In Scotland, debt arrangement schemes are available for those who need to pay-off their debts over a longer period. Participants are protected from enforcement action by their creditors, and interest and charges on their debts are frozen. It is only proper that we seek to do everything we can to help families and individuals on low incomes with little by way of assets who are struggling with debt, while still offering a fair deal for those owed money.
The SNP Scottish Government introduced a pioneering law in 2014 which creates one of the most modern systems of debt advice and debt management in the world. The Bankruptcy and Debt Advice (Scotland) Act 2014 introduced a range of measures, including the Minimal Asset Process, which offers debt relief quickly and at less than half the cost of an application for bankruptcy under the previous equivalent scheme for those on low incomes. It also brought in mandatory money advice for people seeking access to statutory debt relief instruments such as sequestration (the equivalent term in Scotland for bankruptcy) to ensure debtors are matched with the solution that best fits their needs and circumstances. The Act also introduced the ‘moratorium on diligence’ process, which inhibits a creditor from taking action against someone struggling to pay their debt for six weeks, allowing a debtor valuable time to seek guidance on available options.

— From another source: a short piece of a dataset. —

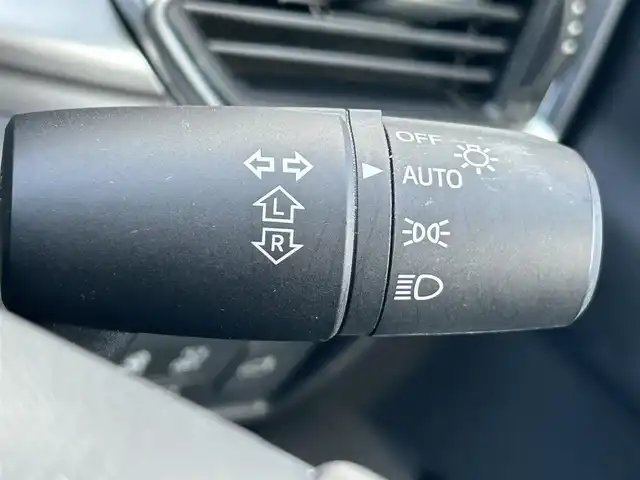 マツダ ＣＸ－５ XD プロアクティブ 三重県 2019(令1)年 2.7万km ソウルレッドクリスタルM 純正ナビ　/バックカメラ　/ＢＳＭ　/ＥＴＣ　/コーナーセンサー　/スペアキー　/パワーバックドア　/前席シートヒーター　/運転席パワーシート/レーダークルーズコントロール　/レーンキープアシスト/衝突軽減ブレーキ/ＵＳＢ給電ポート/ＬＥＤヘッドライト　/オートハイビーム　/オートライト/革巻きステアリング/ステアリングスイッチ/フロアマット/電動格納ミラー/禁煙車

More generally, the SNP Scottish Government is taking action to protect those on low incomes. In response to savage cuts to social security by the Tory UK Government, the Scottish Government established the Scottish Welfare Fund, which is helping low income households through difficult times, with grants totalling £116m to 230,000 homes since the scheme was established in 2013. The Scottish Government also published a new Child Poverty Bill in February this year which will set statutory targets in Scotland to reduce child poverty and establish a framework for measuring, monitoring and reporting on child poverty.